Im ersten Absatz des Briefkörpers (2. Tim. 1,3-7) erinnert Paulus sowohl an den Glauben seiner Vorfahren als auch an den Glauben der Mutter und Großmutter des Timotheus. Zwei Begriffe verbinden diesen Absatz mit dem nächsten: Furcht und Kraft (2 Tim. 2,7). Auch das Verbindungwort darum verbindet die beiden Absätze (2. Tim 2,8).
Kraft wird in 2. Timotheus 2,8 wiederholt. Die Idee von Furcht zeigt sich als Scham (2. Tim. 1,8 und 12). Sowohl Furcht als auch Scham können eine Reaktion auf ein Leiden sein, das durch das Evangelium verursacht wird.
Einen weiteren Zusammenhalt wird hergestellt durch die Fokussierung auf das Zeugnis (2. Tim. 1:8), das Evangelium (2. Tim. 1:8, 10) und das kostbare Gut (2. Tim. 1:14). Letzteres ist „mir [Paulus] anvertraut“ und auch „dir [Timotheus]“ (2. Tim. 1,12 und 14). Diese Begriffe, fast Synonyme, überschneiden sich mit dem Glauben des Timotheus im ersten Absatz (2. Tim. 1,5).

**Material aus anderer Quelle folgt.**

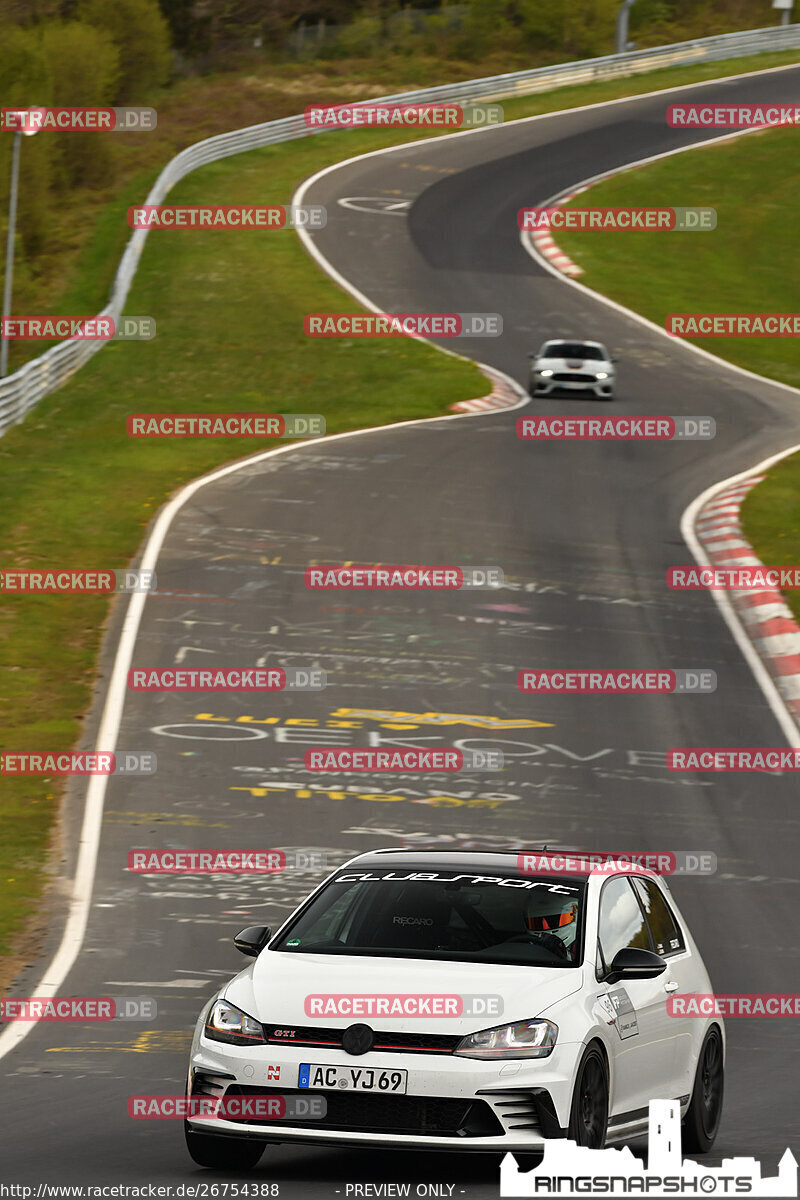 Bild #26754388 - Touristenfahrten Nürburgring Nordschleife (28.04.2024)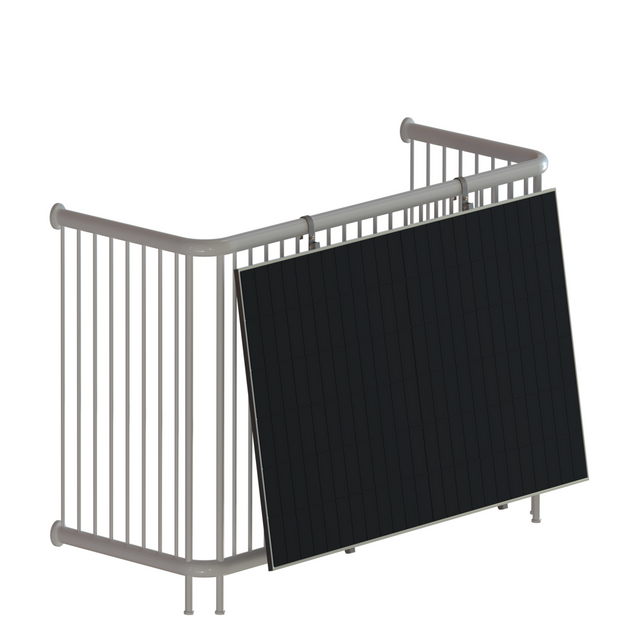 Регулируемые монтажные кронштейны для солнечной панели для балкона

Bei all dem ist Paulus das Vorbild, dem Timotheus folgen soll (2. Tim. 1,13).
Auf den ersten Blick wechselt der dritte Absatz (2. Tim 1,15-18) das Thema. Aber nein! Beachte die Wiederholung des Stichwortes „geschämt“ in Vers 16. Der Absatz enthält positive und negative Beispiele für die Einstellung und die Reaktionen, die Paulus vorher diskutiert.
Diese Themen und verbalen Verbindungen setzen sich in Kapitel 2 fort. Timotheus sollte durch die Gnade stark sein (2. Tim. 2,1; die Idee Kraft wiederholt sich). Er soll leiden (2. Tim 2,3), so wie Paulus um des Evangeliums willen leidet (2. Tim 2,8f).
Das wahre Wort in 2. Timotheus 2,11-13 dient als Schlussfolgerung und markiert den Endpunkt der ersten Einheit im Brief. Es ist gleichzeitig eine Zusammenfassung des Evangeliums, ebenso wie 2. Timotheus 1,9f und 2,8 – eine weitere Wiederholung, die Zusammenhalt herstellt.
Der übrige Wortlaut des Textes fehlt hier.